The only exception to this rule is when you declare the same user-agent many times, this rule is not applicable. In that situation, all applicable instructions are merged and followed.
Directives
Directives are a set of rules which you want user agents to follow.
Here are the list of directives which are currently supported by Google:
Disallow:
This directive must be used when you don’t want search engines to access pages or files.
For example, if you don’t want all search engines to access privacy page of your website, your robot.txt file will look like this:
User-Agent:*
Disallow: /privacy
Do remember, it is important to specify the path after directive or else bots will ignore it.
Allow:
This directive must be used when you want search engines to access pages or files.

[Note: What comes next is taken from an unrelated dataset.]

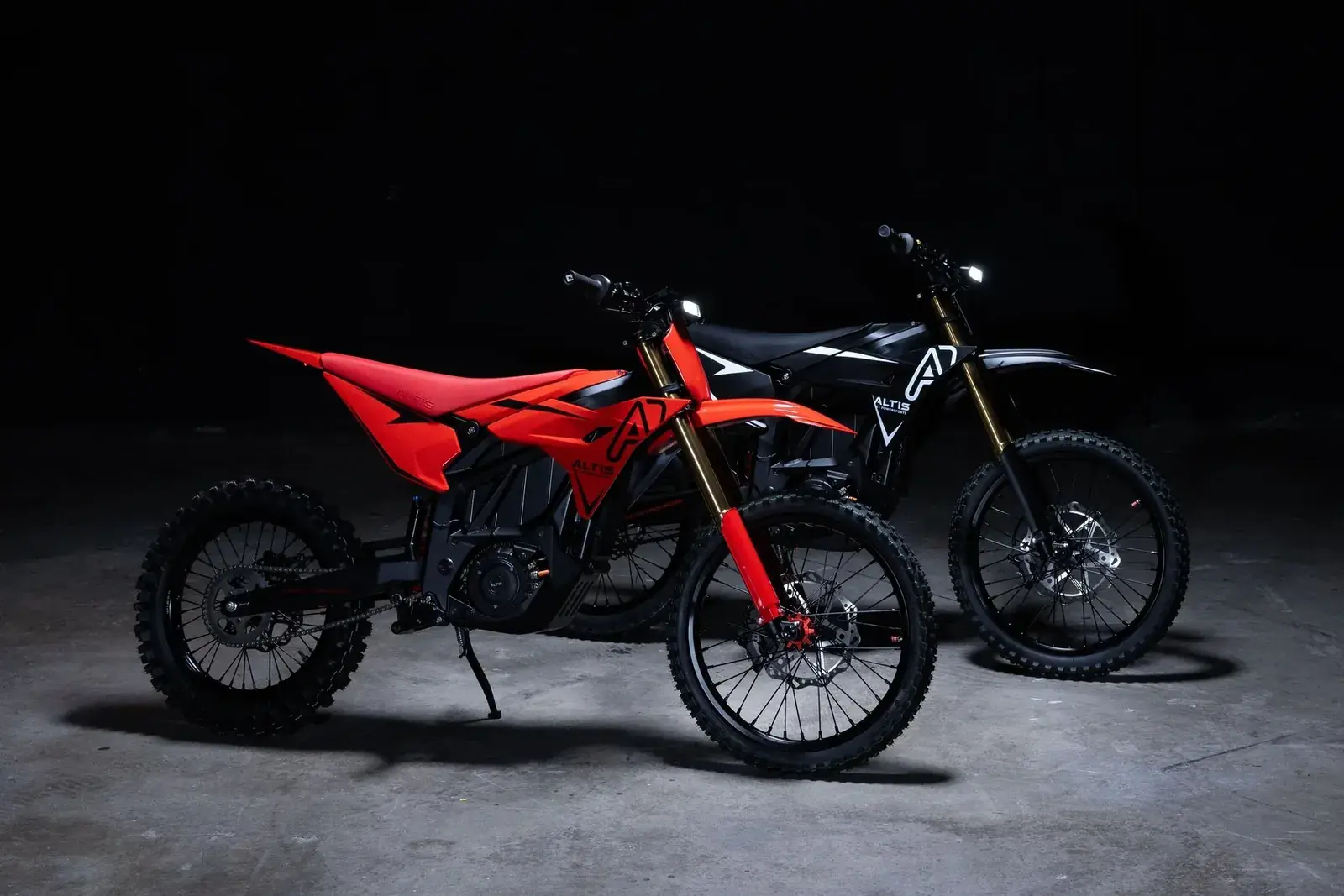 Altis electric motorcycles staged in a dark studio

For example: Consider you want search engines to access all the pages in the website.
Your robot.txt file will look like:
User-Agent:*
Allow: /
Note: Even in the allow directive, if we fail to specify the path, the bots will ignore it.
Sitemap:
This directive is used to specify the location of your sitemap to the search engines.
It’s slightly redundant for Google if you’ve already published a sitemap using your Google Search Console account. It does, however, let other search engines know where your sitemap has been added, making it an excellent practice.

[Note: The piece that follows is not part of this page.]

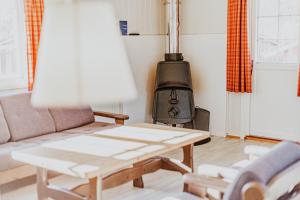 a living room with a couch and a wood stove at Hovden Høyfjellsenter in Hovden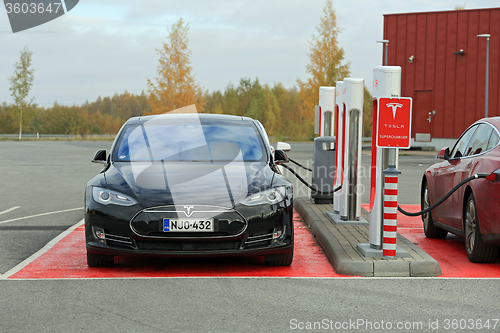 Image of Tesla Model S Cars Plugged In at Supercharger Station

Here’s an example using sitemap directive:
Sitemap: www.xyz.com/sitemap.xml
User Agent: *
Allow: /
It’s important to note, you don’t have to repeat the sitemap directive several times for every user-agent, The sitemap directive is applicable to all the directives in the file. So it’s always recommended to add the sitemap directive at the beginning or at the end.
Here’s an example with multiple directives:
Sitemap: www.mydomain.com/sitemap.xml
User Agent: Googlebot
Disallow: /career
User Agent: Bingbot
Disallow: /blog/
How can I find if my website contains a robot.txt file?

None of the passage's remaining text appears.